* **Required action**
The records that follow are to be transcribed in full, leaving out each picture.

* **The input**
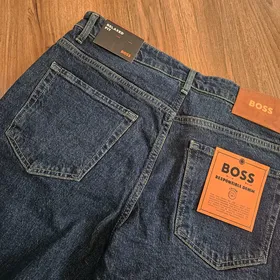 شلوارجین رگولار طرح BOSS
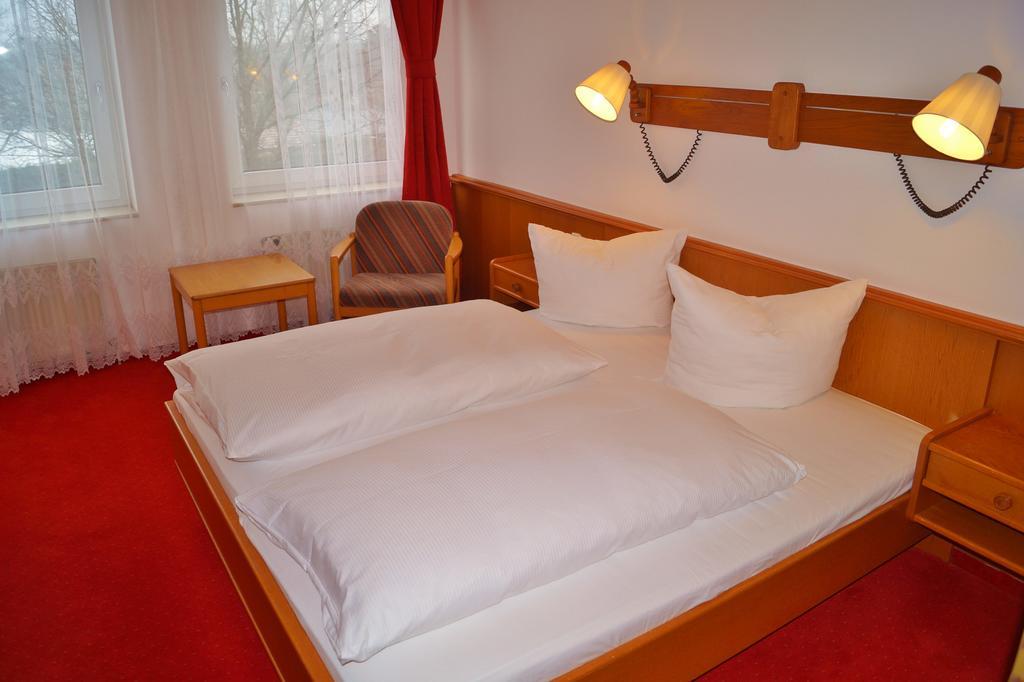 Hotel Rahlstedter Hof Хамбург Екстериор снимка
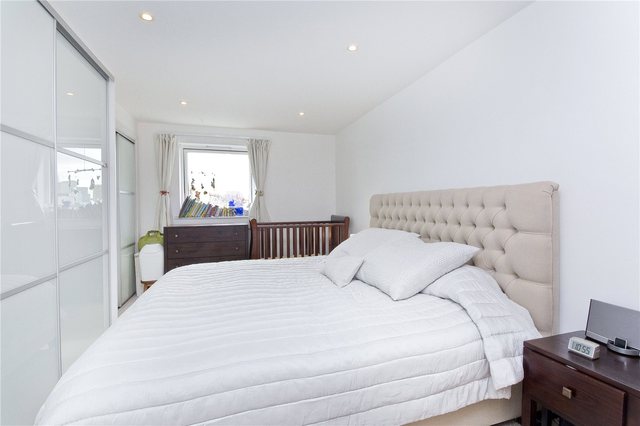  Image of 1 bedroom Flat for sale in Shepherdess Walk London N1 at 164 Shepherdess Walk London Hoxton, N1 7JL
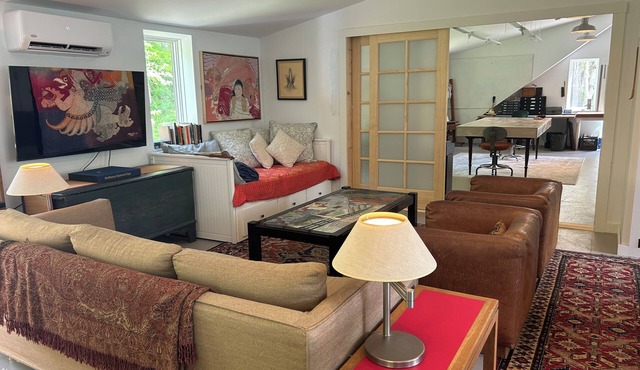 Charming open studio in renovated barn in superb Lyme, CT with WiFi, AC.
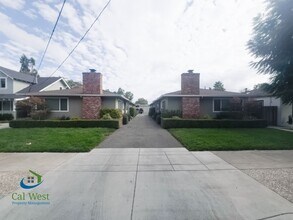 Building Photo - $2,695 - 2 BR/1BA Duplex-Downtown Willow G...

* **Answer section**
 شلوارجین رگولار طرح BOSS
 Hotel Rahlstedter Hof Хамбург Екстериор снимка
  Image of 1 bedroom Flat for sale in Shepherdess Walk London N1 at 164 Shepherdess Walk London Hoxton, N1 7JL
 Charming open studio in renovated barn in superb Lyme, CT with WiFi, AC.
 Building Photo - $2,695 - 2 BR/1BA Duplex-Downtown Willow G...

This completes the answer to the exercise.